Problem to solve | Could you output the whole listing exactly as it stands, minus any images?

Data provided |
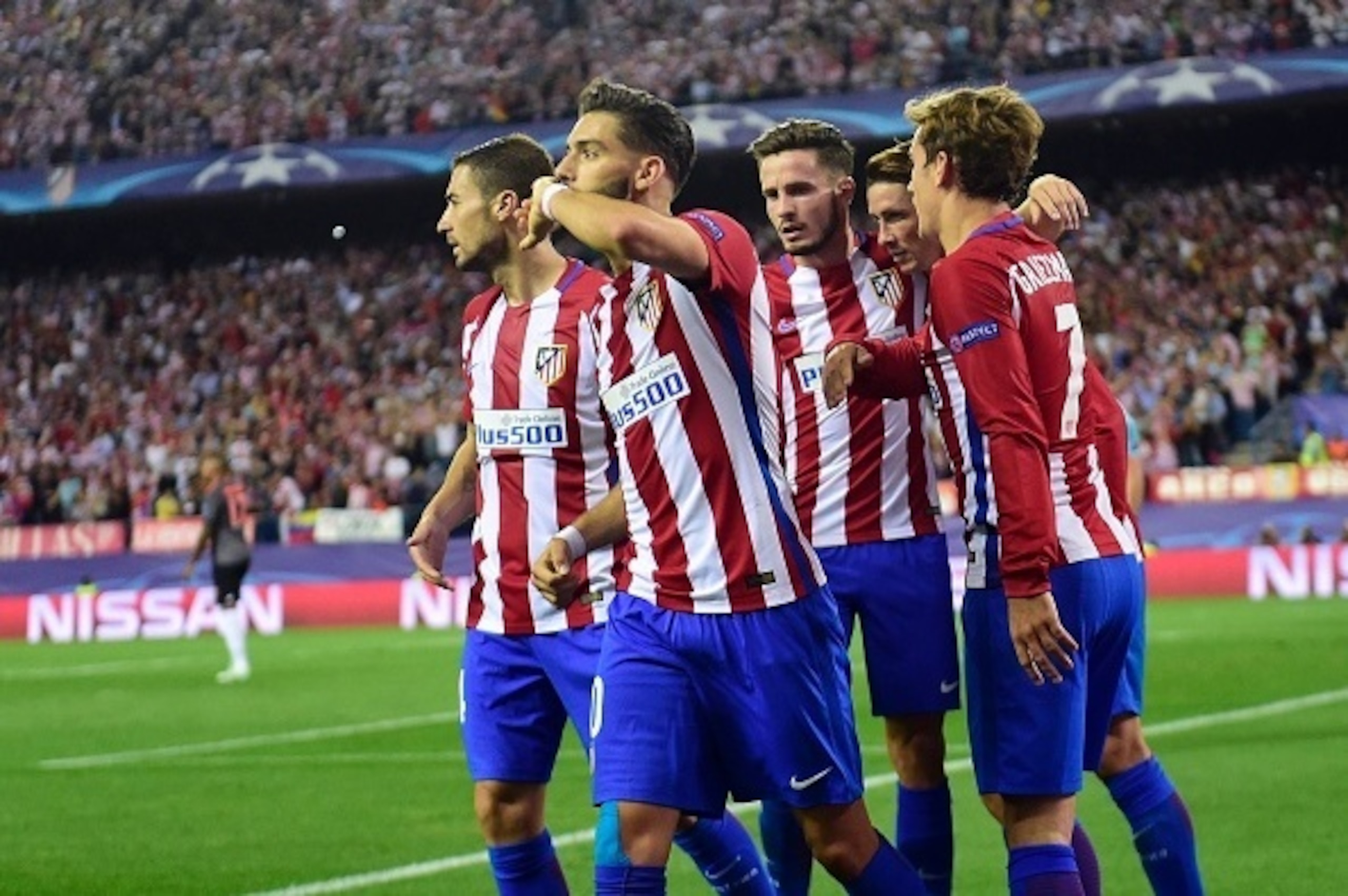 Atletico Madrid's Belgian midfielder Yannick Ferreira Carrasco (2ndL) celebrates with teammates after scoring during the UEFA Champions League Group D football match Club Atletico de Madrid vs FC Bayern Munich at the Vicente Calderon stadium in Madrid on Atletico Madrid's Belgian midfielder Yannick Ferreira Carrasco (2ndL) celebrates with teammates after scoring during the UEFA Champions League Group D football match Club Atletico de Madrid vs FC Bayern Munich at the Vicente Calderon stadium in Madrid on
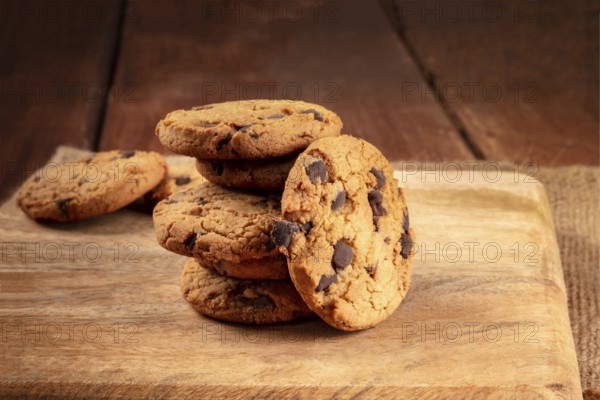 Chocolate chip cookies, gluten free, a close-up of a stack on a dark rustic background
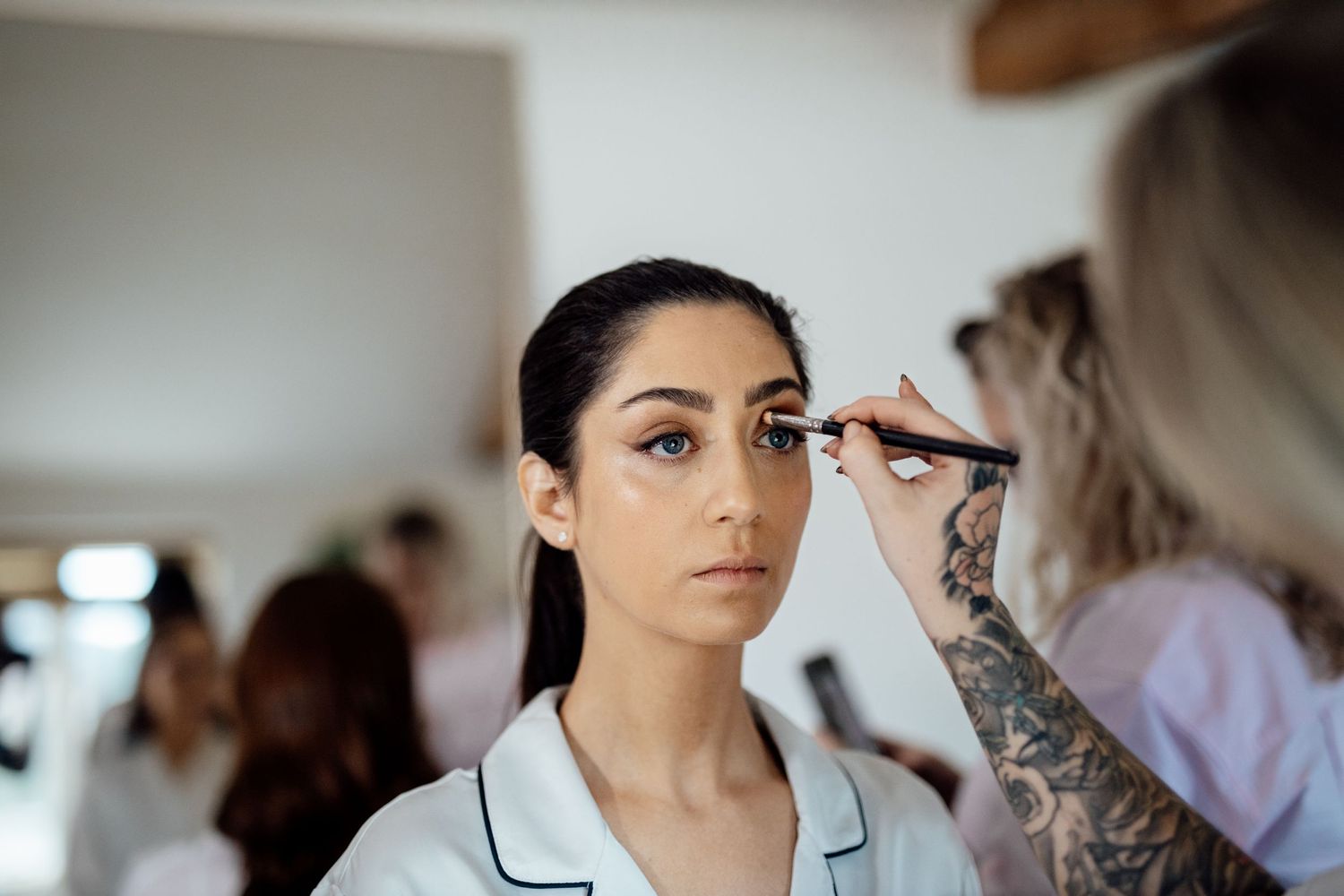 Wedding preparation scene with makeup artists working in a bright room.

The answer |
 Atletico Madrid's Belgian midfielder Yannick Ferreira Carrasco (2ndL) celebrates with teammates after scoring during the UEFA Champions League Group D football match Club Atletico de Madrid vs FC Bayern Munich at the Vicente Calderon stadium in Madrid on Atletico Madrid's Belgian midfielder Yannick Ferreira Carrasco (2ndL) celebrates with teammates after scoring during the UEFA Champions League Group D football match Club Atletico de Madrid vs FC Bayern Munich at the Vicente Calderon stadium in Madrid on
 Chocolate chip cookies, gluten free, a close-up of a stack on a dark rustic background
 Wedding preparation scene with makeup artists working in a bright room.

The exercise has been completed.